◆ **Work request**:
The response must contain every record, repeated exactly.

◆ **Provided information**:
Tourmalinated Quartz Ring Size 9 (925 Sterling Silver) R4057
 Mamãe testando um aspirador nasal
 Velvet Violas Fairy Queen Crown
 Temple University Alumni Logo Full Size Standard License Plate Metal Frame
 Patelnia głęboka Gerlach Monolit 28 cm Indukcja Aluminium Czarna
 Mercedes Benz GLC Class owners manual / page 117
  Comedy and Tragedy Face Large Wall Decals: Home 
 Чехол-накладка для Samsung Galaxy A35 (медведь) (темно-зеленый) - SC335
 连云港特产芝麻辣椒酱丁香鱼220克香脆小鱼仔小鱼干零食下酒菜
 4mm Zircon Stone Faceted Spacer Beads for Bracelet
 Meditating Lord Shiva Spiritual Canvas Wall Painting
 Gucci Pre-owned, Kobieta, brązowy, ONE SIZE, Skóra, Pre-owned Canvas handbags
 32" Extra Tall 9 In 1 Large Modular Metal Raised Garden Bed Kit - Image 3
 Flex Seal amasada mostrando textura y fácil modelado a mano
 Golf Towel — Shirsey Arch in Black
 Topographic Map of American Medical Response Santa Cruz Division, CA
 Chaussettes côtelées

◆ **Answer space**:
Tourmalinated Quartz Ring Size 9 (925 Sterling Silver) R4057
 Mamãe testando um aspirador nasal
 Velvet Violas Fairy Queen Crown
 Temple University Alumni Logo Full Size Standard License Plate Metal Frame
 Patelnia głęboka Gerlach Monolit 28 cm Indukcja Aluminium Czarna
 Mercedes Benz GLC Class owners manual / page 117
  Comedy and Tragedy Face Large Wall Decals: Home 
 Чехол-накладка для Samsung Galaxy A35 (медведь) (темно-зеленый) - SC335
 连云港特产芝麻辣椒酱丁香鱼220克香脆小鱼仔小鱼干零食下酒菜
 4mm Zircon Stone Faceted Spacer Beads for Bracelet
 Meditating Lord Shiva Spiritual Canvas Wall Painting
 Gucci Pre-owned, Kobieta, brązowy, ONE SIZE, Skóra, Pre-owned Canvas handbags
 32" Extra Tall 9 In 1 Large Modular Metal Raised Garden Bed Kit - Image 3
 Flex Seal amasada mostrando textura y fácil modelado a mano
 Golf Towel — Shirsey Arch in Black
 Topographic Map of American Medical Response Santa Cruz Division, CA
 Chaussettes côtelées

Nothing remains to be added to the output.